> **The problem**
Starting at the line that contains "6 Cup Muffin Pan, Rose Gold - 3" and ending at the line that contains "Braček a sestrička.", the lines below are to be given again exactly, with nothing added.

> **Recorded information**
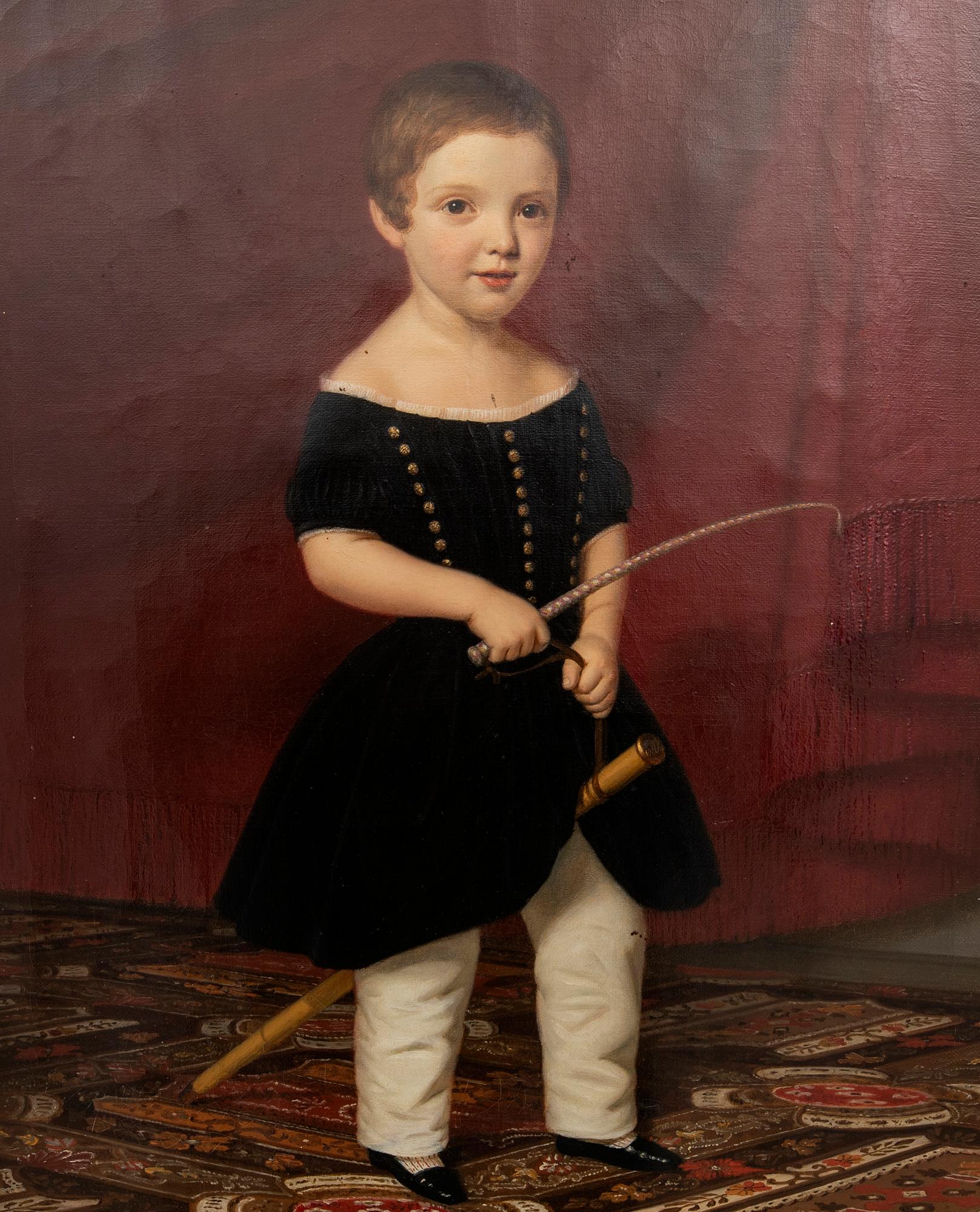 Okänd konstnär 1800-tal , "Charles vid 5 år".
* * *
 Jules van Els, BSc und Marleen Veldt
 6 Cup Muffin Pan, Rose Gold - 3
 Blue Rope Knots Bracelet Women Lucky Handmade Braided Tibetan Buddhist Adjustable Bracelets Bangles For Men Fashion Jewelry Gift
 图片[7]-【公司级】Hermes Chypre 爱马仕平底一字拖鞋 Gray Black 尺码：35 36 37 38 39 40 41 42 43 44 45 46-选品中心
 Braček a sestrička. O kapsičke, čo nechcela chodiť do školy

> **Answer below**
 6 Cup Muffin Pan, Rose Gold - 3
 Blue Rope Knots Bracelet Women Lucky Handmade Braided Tibetan Buddhist Adjustable Bracelets Bangles For Men Fashion Jewelry Gift
 图片[7]-【公司级】Hermes Chypre 爱马仕平底一字拖鞋 Gray Black 尺码：35 36 37 38 39 40 41 42 43 44 45 46-选品中心
 Braček a sestrička. O kapsičke, čo nechcela chodiť do školy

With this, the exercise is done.